Bad roads just aren’t acceptable–but the norm in California

Out of fifty states, California is rated either the second or fourth worst in the nation, based on national surveys and reports.   Go anywhere is the State and you will see freeways being worked on, but in total it is a minor portion of the problem. Billions are being spent on roads—but hundreds of billions will be spent on buses, trains and high speed rail—money that does not exist, except by going deeper into debt. For instance California is going to spend $350 million to create in the next fiscal year bike and walk trails—money that could be used to fix our roads.

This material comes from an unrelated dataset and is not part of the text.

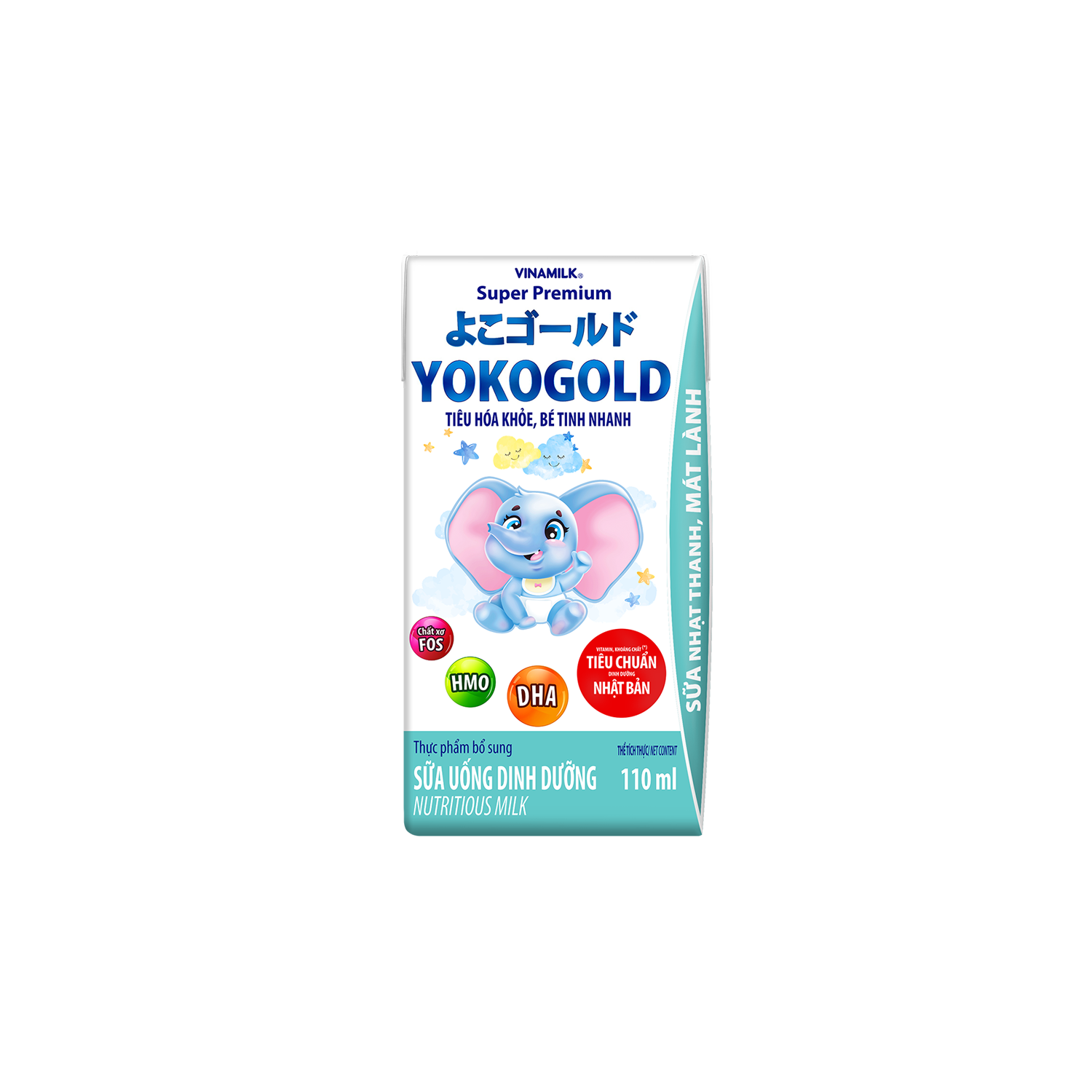 Sữa bột trẻ em pha sẵn YokoGold (trên 1 tuổi)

Democrats want gas taxes to go up, many want a 9.5% oil “severance” tax added on. Money will not go to roads—it will go to trains, bike, and horse and walk trails, plus buses. That is why government is asking for more money—to make up for what it diverts.

california roads infrastructure


Bad roads just aren’t acceptable

Lompoc Record, 3/27/14


California highway conditions are among the worst in the nation.

The latest data from the California Transportation Department confirms the worst-in-the-nation claim, although things have improved in recent years.

Officially, 16 percent of the state’s 50,000 miles of highway lanes are considered to be in “poor” condition. Unofficially, we’d have to say that the percentage of bad roads most of us have to drive on is higher than 16 percent.

Bad road conditions lead to all kinds of other problems. One of those is what a road with bumps and potholes can do to your vehicle. Repair shops may adore those neglected highways, but your wallet won’t.

About Stephen Frank

Stephen Frank is the publisher and editor of California Political News and Views. He speaks all over California and appears as a guest on several radio shows each week. He has also served as a guest host on radio talk shows. He is a fulltime political consultant.


  1. askeptic says

    In the Fifties, CA had roads that were to die for, things of beauty that transportation engineers the World over came to admire, and speak wondrously of.
    Now, thanks to policies instituted under The Giant Turkey (Adrianna Gianturco) during Moonbeam’s first iteration as Glorious Leader, we have crap. Soon, travel time for a Franciscan Friar from Mission San Diego to Mission San Francisco will rival that available to a 21st-Century traveler.